Skip to first unread message

santosh.b...@gmail.com

unread,

Jul 18, 2020, 3:22:33 PM7/18/20

to Gensim

Hello, I just trained a word2vec model using the following code:

model = gensim.models.Word2Vec(corpus_sentences,

min_count= 1,

workers= 6,

size= 100,

window= 5,

iter = 50)

model.wv.save('word2vec_s100_w5_m1_i50_v2.bin')

It went through without any error.

Now, when I try to load it, I get an error:

model = gensim.models.KeyedVectors.load_word2vec_format(model_file, binary=True, unicode_errors='ignore')

2020-07-18 21:17:45,143 : INFO : loading projection weights from /media/santoshbs/GanWD3T/pCloud/2-Gan-Own/27-Gan-NamedEntity/compustat/word2vec/out/word2vec_s100_w5_m1_i50_v2.bin

Traceback (most recent call last):

File "<ipython-input-7-7e63ae0c5d11>", line 1, in <module>

model = gensim.models.KeyedVectors.load_word2vec_format(model_file, binary=True, unicode_errors='ignore')

File "/anaconda3/envs/env_spacy/lib/python3.7/site-packages/gensim/models/keyedvectors.py", line 1549, in load_word2vec_format

limit=limit, datatype=datatype)

File "/anaconda3/envs/env_spacy/lib/python3.7/site-packages/gensim/models/utils_any2vec.py", line 276, in _load_word2vec_format

header = utils.to_unicode(fin.readline(), encoding=encoding)

File "/anaconda3/envs/env_spacy/lib/python3.7/site-packages/gensim/utils.py", line 368, in any2unicode

return unicode(text, encoding, errors=errors)

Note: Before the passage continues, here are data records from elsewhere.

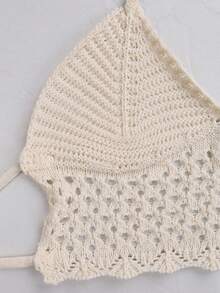 Yuwenier 性感V领串珠镂空露背吊带背心和紧身迷你裙两件套，女士夏季海滩度假装 - 杏色 - 查看 7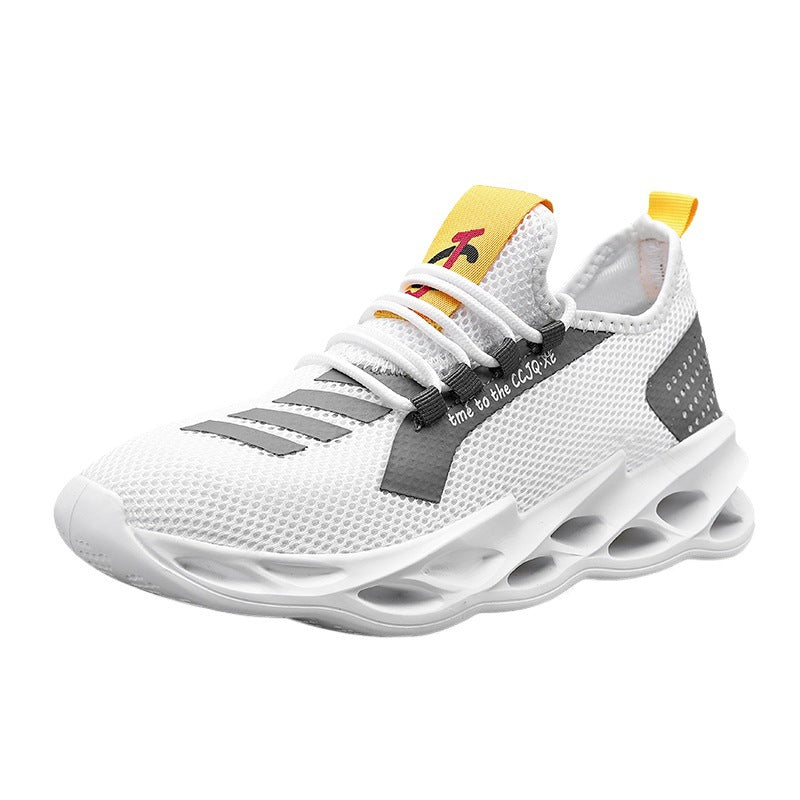 Dames sportieve sneakers met ademend bovenwerk en dempende zool – Wit en Geel – Zwart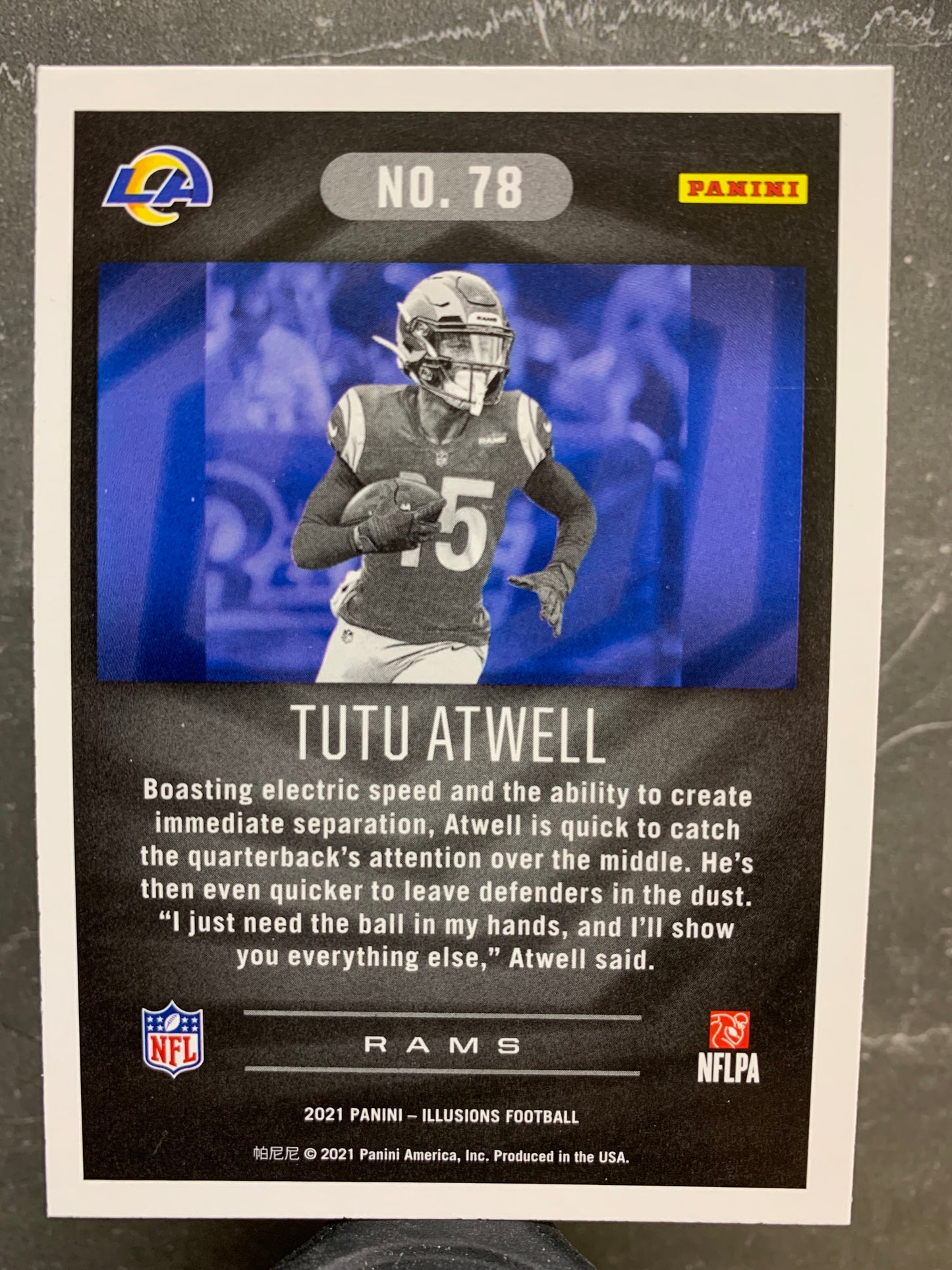 2021 Panini Illusions #78 Tutu Atwell RC Los Angeles Rams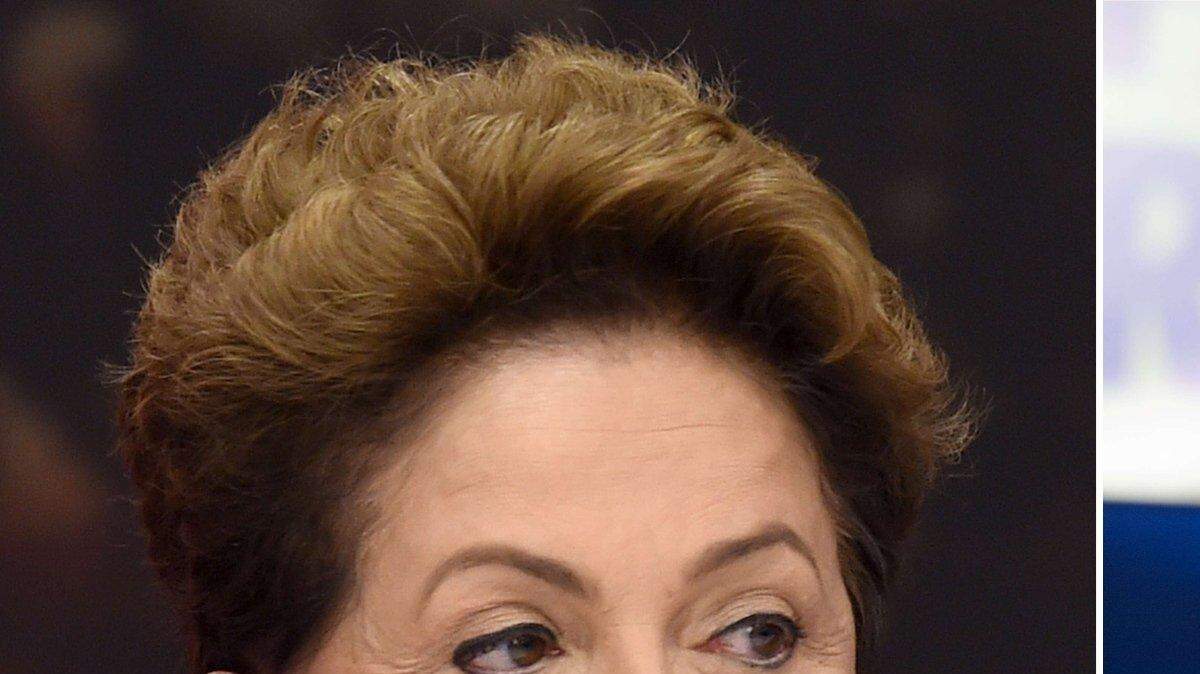 La presidenta de Brasil Dilma Rousseff y su rival socialdemócrata Aecio Neves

UnicodeDecodeError: 'utf-8' codec can't decode byte 0x80 in position 0: invalid start byte

Request your help on solving this issue.

Thanks and regards
sbs

Gordon Mohr

unread,

Jul 19, 2020, 12:44:35 PM7/19/20

to Gensim

If you save a model using the gensim native `.save()`, it should be loaded using the gensim native `.load()` on the same class as was saved. (The `.load_word2vec_format()` method is for loading plain vector sets in another format, as if saved by `.save_word2vec_format()` or from other non-gensim tools.)

So try:

w2v_model = gensim.models.Word2Vec.load(model_file)

And if you just want the word-vectors....

kv_model = model.wv

(And if you only wanted to save the word-vectors, you could initially have just saved `w2v_model.wv.save(FILENAME)` then loaded `kv_model = KeyedVectors.load(FILENAME)`.)